There’s a lot of confusion around Google Authorship, Author Rank, and how both impact SEO (if at all.) If you’re a content creator or marketer amassing plenty of author credits, use this article to determine if the efforts of Google Authorship make sense to solidify your brand and expertise.
What is Google Authorship and Author Rank?
First we will demystify the meaning and relationship between each author-related concept. And no, they are most certainly not the same thing.
Google Authorship is all about connecting your web content to a personal Google Plus profile. Links to content from Google Plus will therefore create a more personal Google listing, which includes an author photo, link to the author’s Google Plus profile, the number of Google Plus circles the author is a part of, and a link to additional author search results.
Google Author Rank, then, refers to the credibility of a given author, and relates back to the search giant’s algorithms. Google is always looking for ways to better identify quality content, and author rank (or “agent rank”, the name of the patent they filed in 2011) aims to identify experts and influencers in all categories and niches. This absolutely therefore impacts search rankings.
To break it down, just remember this: Google Authorship is all about the rich search results snippet created when you link content from your Google Plus profile. Google Author Rank reflects the algorithm updates that may boost your results based on the credibility of your verified Google Authorship content.
The Benefits of Google Authorship
With the immense, almost limitless amount of information published daily on the web, Google obviously needs as many differentiators as possible to identify and highlight quality content. Authorship is a fantastic way to build credibility and consistency around your brand. It also stands to reason that Google will continue to leverage its darling social platform, Google Plus. The more content you have integrated here, the more you are building yourself as an expert in your field, at least in the eyes of Google.
Eric Schmidt, author of “The New Digital Age: Reshaping the Future of People, Nations, and Business“, puts it this way: “Within search results, information tied to verified online profiles will be ranked higher than content without such verification, which will result in most users naturally clicking on the top (verified) results. The true cost of remaining anonymous, then, might be irrelevance.”
The Rise of Social Signals
One of the primary reasons Author Rank has been catapulted into importance is the relatively new prominence of social signals. Social signals are the conglomeration of “likes”, tweets, status updates, profile info, comments, and all related user-submitted content gathered through the myriad of social networks. Because this has become a primary way for contributors to share content, the search engines have naturally jumped into the game, and are attempting to use their relevance in the impact of rankings.
Google doesn’t have API access to Facebook, Twitter, and crew. But they certainly do with Google Plus. Therefore, they clearly will use the data on their own network first to measure any expertise or impact on rankings.
The Case Against Authorship and Author Rank
Not everyone thinks it’s really all that critical to focus on improving Author Rank. The entire system has an inherent flaw that may prevent Google Authorship from ever taking off.

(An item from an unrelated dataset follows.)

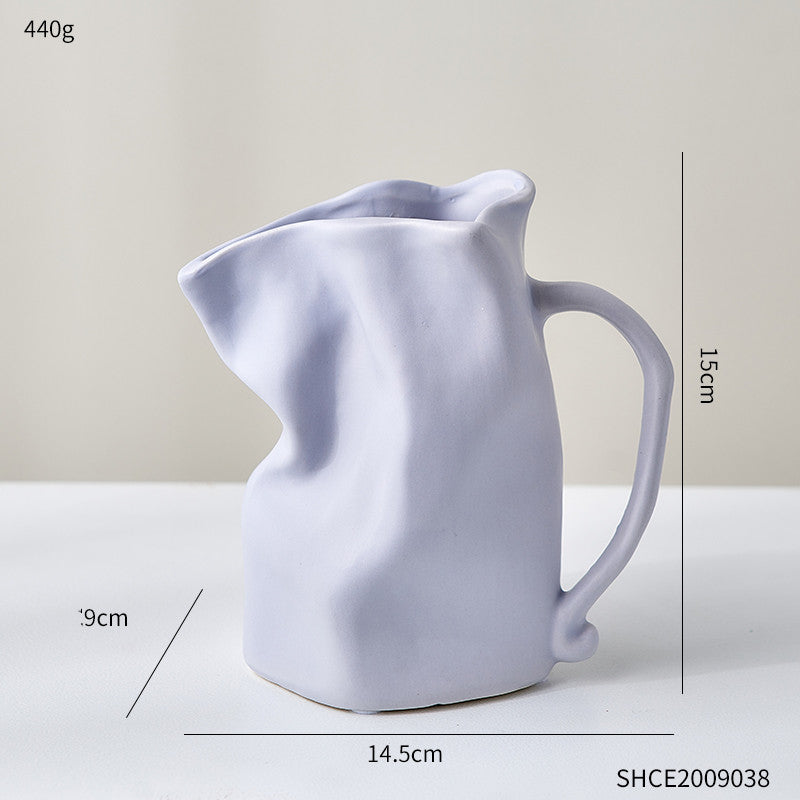 Modern Pleated Ceramic Vase – Nordic Luxury Decor with Tulips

Google’s main motivation is to get actual industry experts to link their content via Google Plus, which not only allows search results to verify content influencers, but also boosts the amount of content on the quasi-successful social platform.
Yet the verdict is still out regarding how much this will really benefit the actual authors. Many early adopters report little to no upticks in traffic or search results related to Authorship and Author Rank, despite the efforts required. Experts are experts because of the time and knowledge they invest in their given field; asking these individuals to then spend additional precious resources chasing down Google’s latest SEO trends is quite a tall order. And many content creators (like myself) have simply not made this a priority. Some of us are waiting for the bona fide statistics to prove it’s worth our time and effort, and those are simply not that convincing just yet.
Because of this conundrum, the current Google results are, for the most part, highlighting authors who have obsessively kept up with the Google Plus profiles. And by no means does this guarantee expertise in any given space. So it’s not clear whether or not Google’s insistence that top influencers follow their rules will have the impact they intend.
There’s no actual harm to focusing on upping your Google Authorship, but don’t expect massive SEO results to follow suit. Even if Author Rank becomes a more prominent aspect of the Google algorithm, there’s no guarantee your efforts will boost rankings.
If you do dive into the process, note that Google won’t just grant rich snippets to any piece of content. They still care deeply about quality, because the millions of searchers that access the site each day want the best of the best. Google search guru Matt Cutts has even stated that authors with lackluster content will not be granted the reward of a photo and links. In fact, he estimated that only 15 percent of Google Plus profiles might actually become verified, and therefore authorized to have the rich snippet feature. This increases the odds all the more that your Authorship efforts won’t have an SEO impact.
In the end, however, anything Google wants content creators to accomplish is rarely a waste of time, thanks to their omnipotence in the world of search. It’s always best to just assess your own landscape, determine the time and effort involved in upping your Authorship and Author Rank, and move forward with the best strategy for your personal brand.